Tröger fragt, worin das ideen- und strukturpolitische Potenzial der entsprechenden Ansätze liegt. Eine Reihe von Denkern in Deutschland (Othmar Spann, Martin Spahn, Dietrich von Hildebrand und andere) und England (vor allem Gilbert K. Chesterton, Hilaire Belloc, Christopher Dawson) wird erörtert, deren Reflexionen in die Kategorie des »Dritten Wegs« eingeordnet werden können. Selbstredend sind die betreffenden Konzeptionen heterogen und grenzen sich partiell sogar voneinander ab.
Herausragend ist das Gedankengebäude von Spann, dessen distributionstheoretisch-antikapitalistische Grundlagen sich von freier Marktwirtschaft wie sozialistischen Systemen gleichermaßen unterscheiden.

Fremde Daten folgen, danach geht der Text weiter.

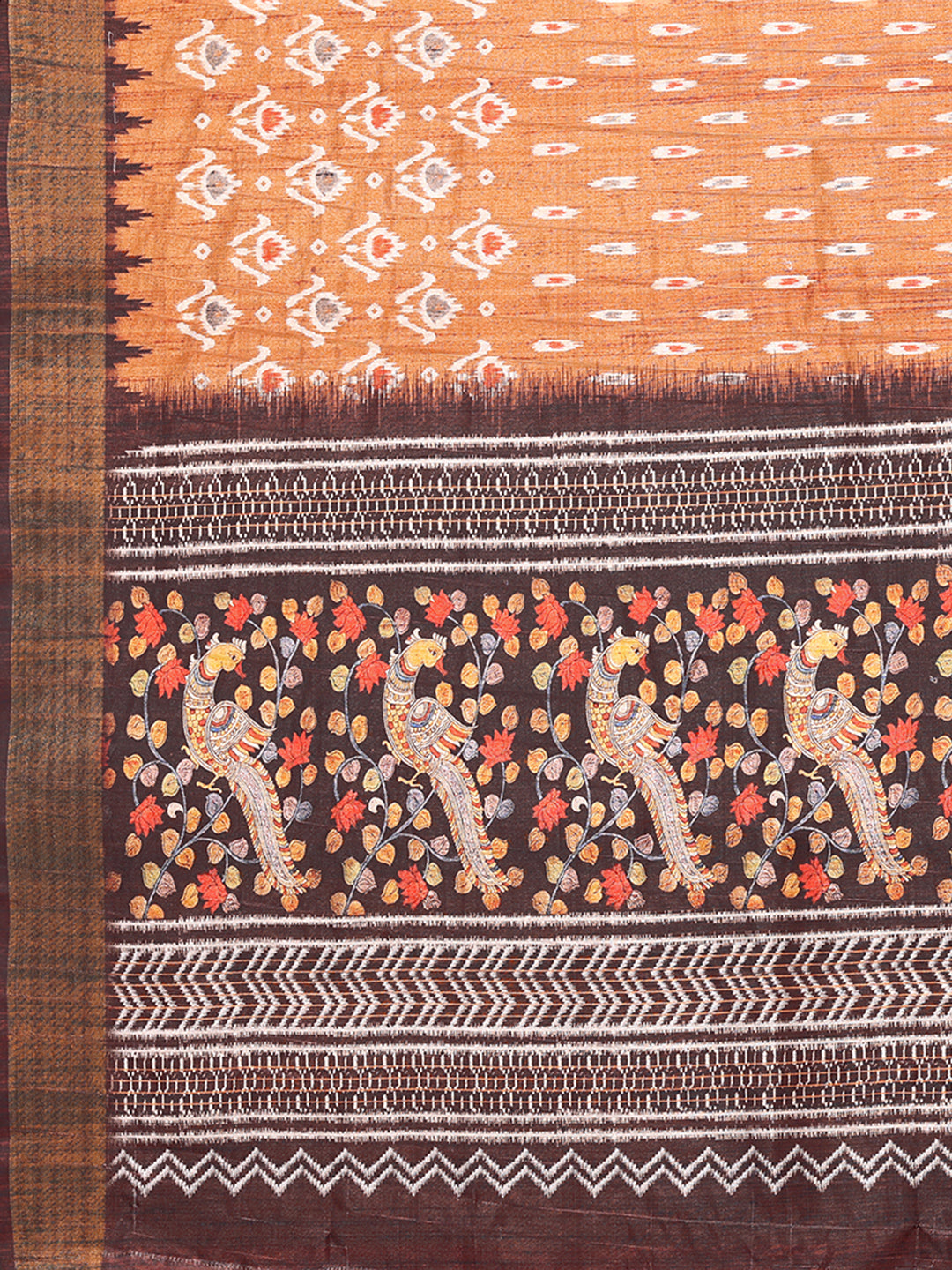 Janasya Orange Chanderi Silk Ikkat Printed Saree | Grocsy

Der so umstrittene Wiener Gelehrte, dem auch von katholischer Seite oft Kollektivismus vorgeworfen wurde, lieferte die Basis für eine berufsständische Ordnung. Weiter stammten von katholischen Wissenschaftlern verschiedene Visionen vom künftigen Reich, die heute meist im Kontext des Dritten Reichs interpretiert werden, freilich zumeist aber einen Bezug zum untergegangenen Alten Reich herstellen wollten.

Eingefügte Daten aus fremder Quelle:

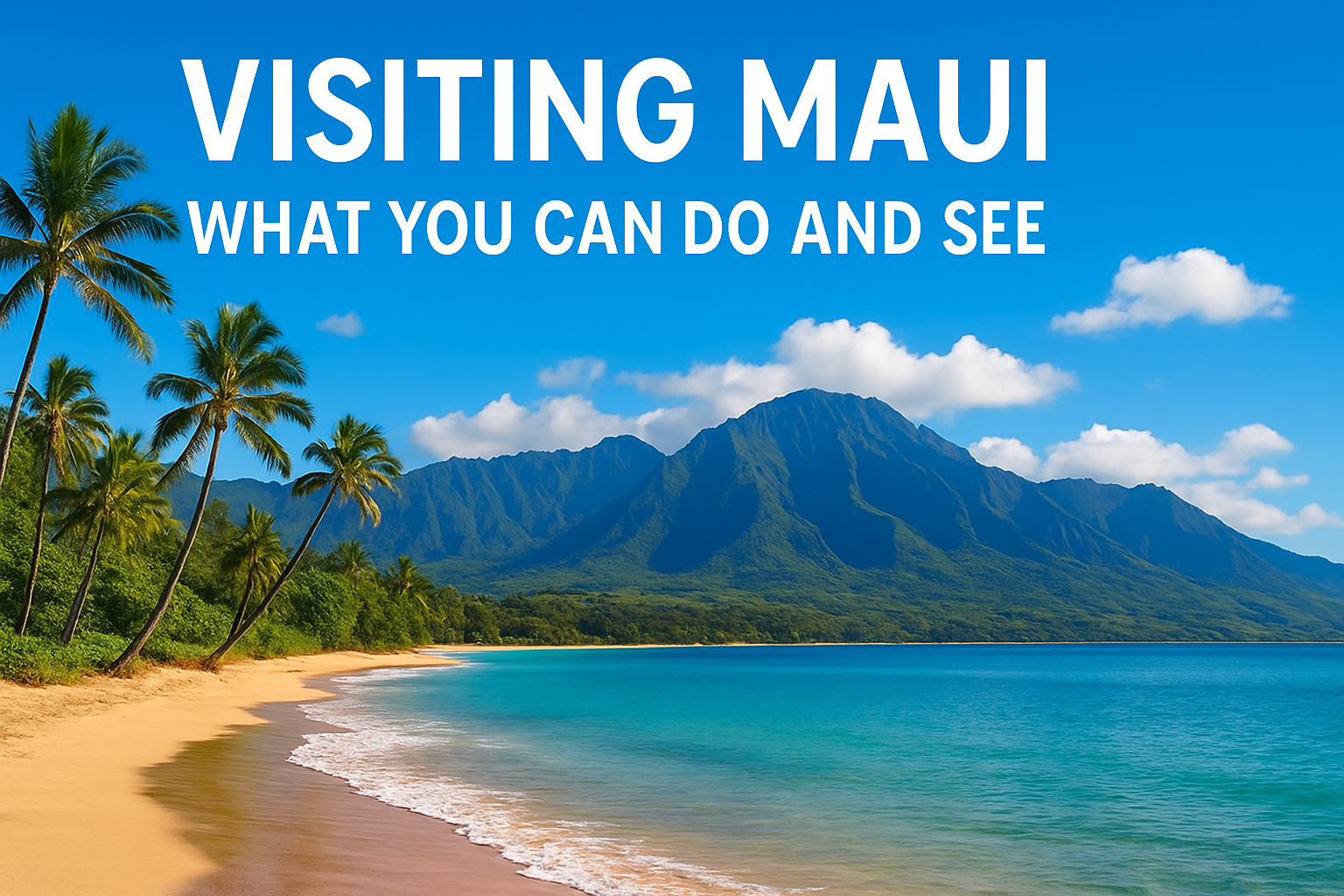 Scenic view of Maui beach with palm trees and mountains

Interessant ist auch der Blick auf hierzulande weniger bekannte Theoretiker wie Belloc. Er präsentierte autoritäre Ansichten vor dem Hintergrund einer stabilen liberalen Tradition, was ihn auf der britischen Insel zum Außenseiter abstempelte. Daß es der Autor einer nicht nur methodisch vorzüglichen Abhandlung im Schlußkapitel wagt, die längst zum Dogma geronnene Annahme vom »Ende der Geschichte«, die auf dem Einfrieren der seit 1945 dominanten ideenpolitischen Ansichten in Europa besteht, wenigstens vorsichtig im Hinblick auf mögliche Alternativen zu hinterfragen, macht Mut.